We have a high rate of breast cancer and breast cancer mortality in this country. We had better get a move on and set up these centres because the international evidence is overwhelming that they can give women a better chance of survival.
This is a matter of survival or not for many women. Every woman and every person deserves a better arrangement than is the case.
If a country is not at war and it is a well-to-do society, I find it unconscionable that this has not been done."
The Irish Cancer Society received "quadruple the normal number of calls for a Friday" on its helpline (phone 1800 30 90 40) after last Thursday's news of the suspension of service at Barringtons. A spokeswoman for the Society said that "the vast, vast majority of callers were from women in the Limerick region who had attended Barringtons for a mammogram."
The review at Barringtons follows the disclosure that a 51-yearold woman from Co Tipperary had twice been given the all-clear and gone untreated for breast cancer for 18 months after being referred to the hospital. She had first attended Barringtons in September 2005 and had a mammogram.
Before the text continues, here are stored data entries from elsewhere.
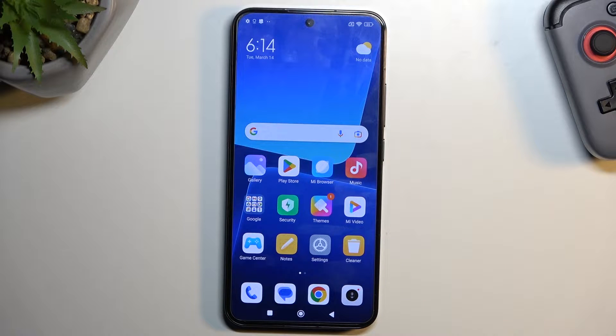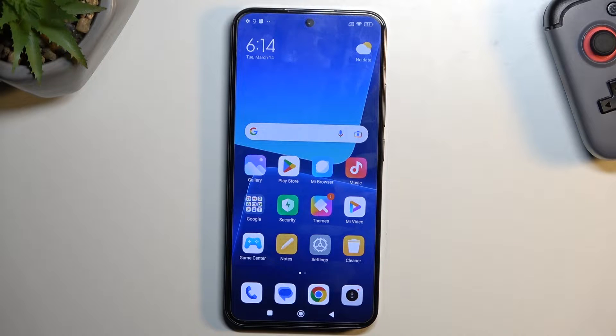Welcome! This is a Xiaomi 13, and today I will show you how you can enable and also set up your Do Not Disturb mode.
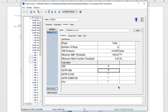Each of these have a standard pressure that they're taken at. For all the tests except for the D1160, the standard pressure is 1 atm, or 760 mmHg. For the D1160, the standard pressure is 10 mmHg.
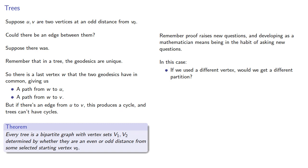And we could extend the idea of bipartite sets. So what about trees and tripartite sets? We'll leave those questions for homework.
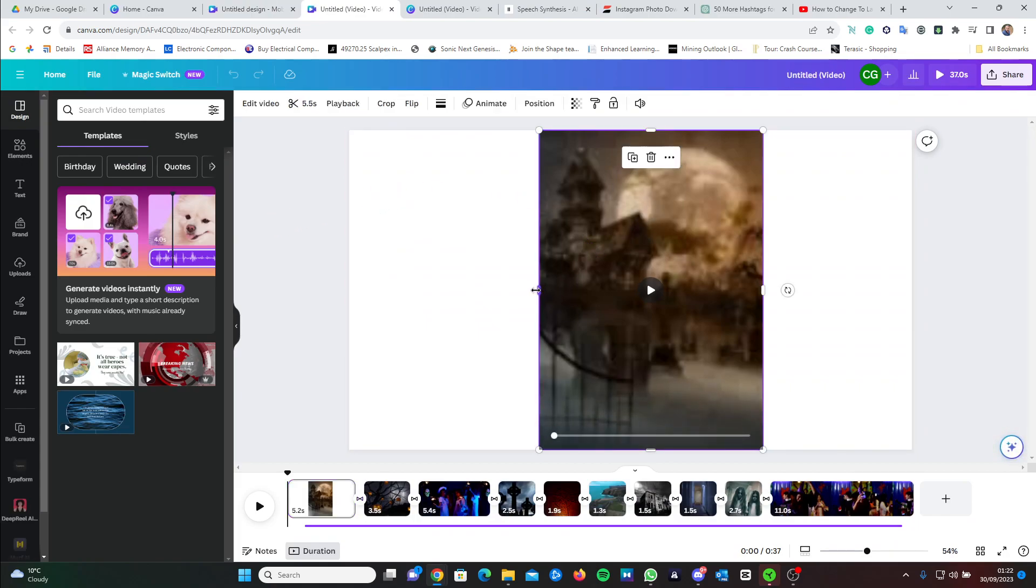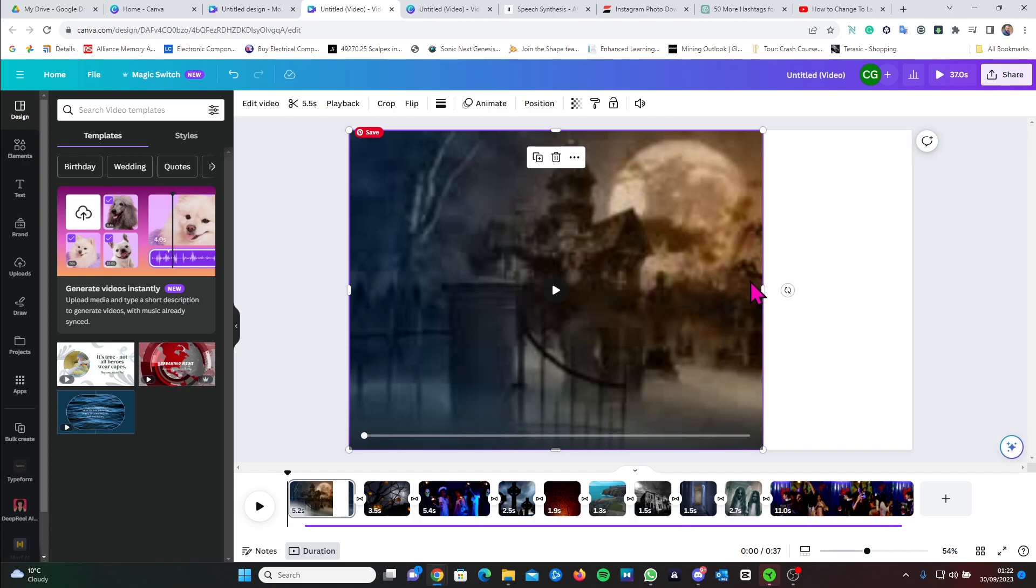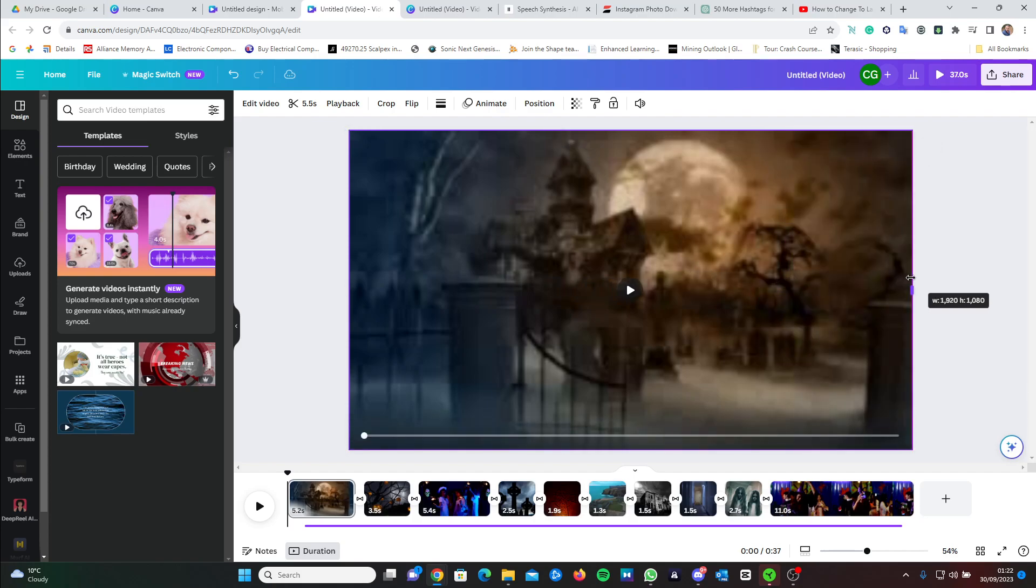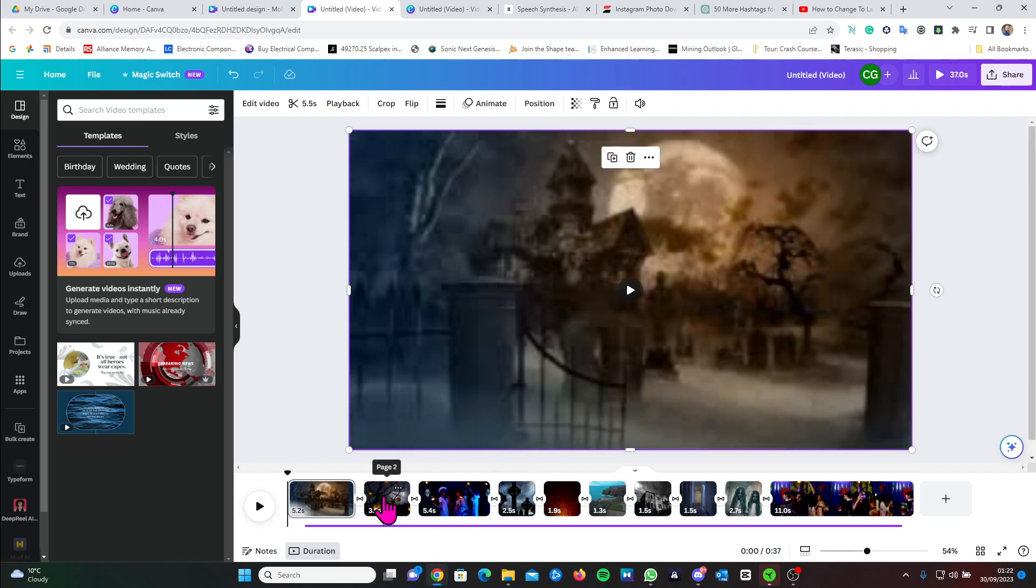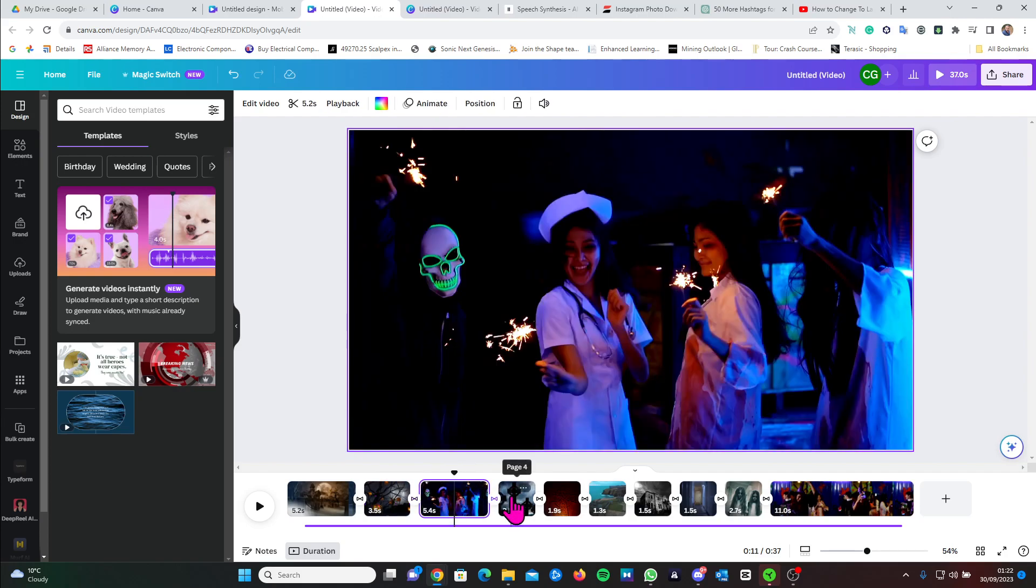You might need to adjust a few of your clips. Just scroll through them and check they're all fit.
A lump was removed the next day and sent to be tested at University College Hospital Galway. The result was negative. The woman returned to Barringtons in June 2006 after discovering a second lump in her breast. Again she received a negative result. She went to Barringtons for the third time earlier this year, underwent a biopsy and her tissue sample was sent to Cork. Three days later, she was told she had cancer and she underwent a mastectomy.
Her doctor, Professor Rajnish Gupta, regional director of cancer services for the HSE, said at a press conference a month ago: "If this kind of situation is allowed to continue involving patients with possible or proven cancer I certainly, for one, would find it difficult to continue in this health service."
Wrong diagnosis Before the general election, it emerged that another Co Tipperary woman, Rebecca O'Malley, was diagnosed with cancer at the MidWestern Regional Hospital in Limerick 14 months after being given the all-clear. Her test had been done at Cork University Hospital.
Janette Byrne of Patients Together has called on hospitals to come clean when they get patients' tests wrong. "They should put their hands up, " she says. "We're not stupid. They should keep us in the loop. Withholding the truth creates mistrust around the whole area of care.
"Everybody in this country knows that patient care is being compromised every day and the patient is voiceless. We have the government and spin doctors trying to suppress our stories, to keep the lid on it and make us all shut up."
Referring to the BreastCheck screening service for women aged between 50 and 65, O'Higgins remarked: "It is a cruel irony that we have a great system for women who think there is nothing wrong with them and a mediocre system for women worried there is something seriously wrong with them."
BreastCheck is not yet operational in the west or south of the country but the plan is to expand the service in those areas before the end of the year. In 2005 80,000 women in the north and east were invited to be screened at dedicated units.
Almost 60,000 responded to the invitation and, of those, 1,867 were called back for assessment. Cancer was detected at an early stage in 318 of those women.
Campaigners in the west and south have repeatedly called for the immediate expansion of BreastCheck throughout the country and criticised the delay, saying that lives were being lost unnecessarily.
It was announced last week that a community initiative is to build a cancer treatment centre in Letterkenny, Co Donegal where many breast cancer patients have chosen radical mastectomy surgery to avoid arduous bus journeys to Dublin for radiotherapy treatment.
"Women in the north-west are more likely to have mastectomies because of the lack of radiotherapy. It's what I call mutilation-bygeography, " says Crown.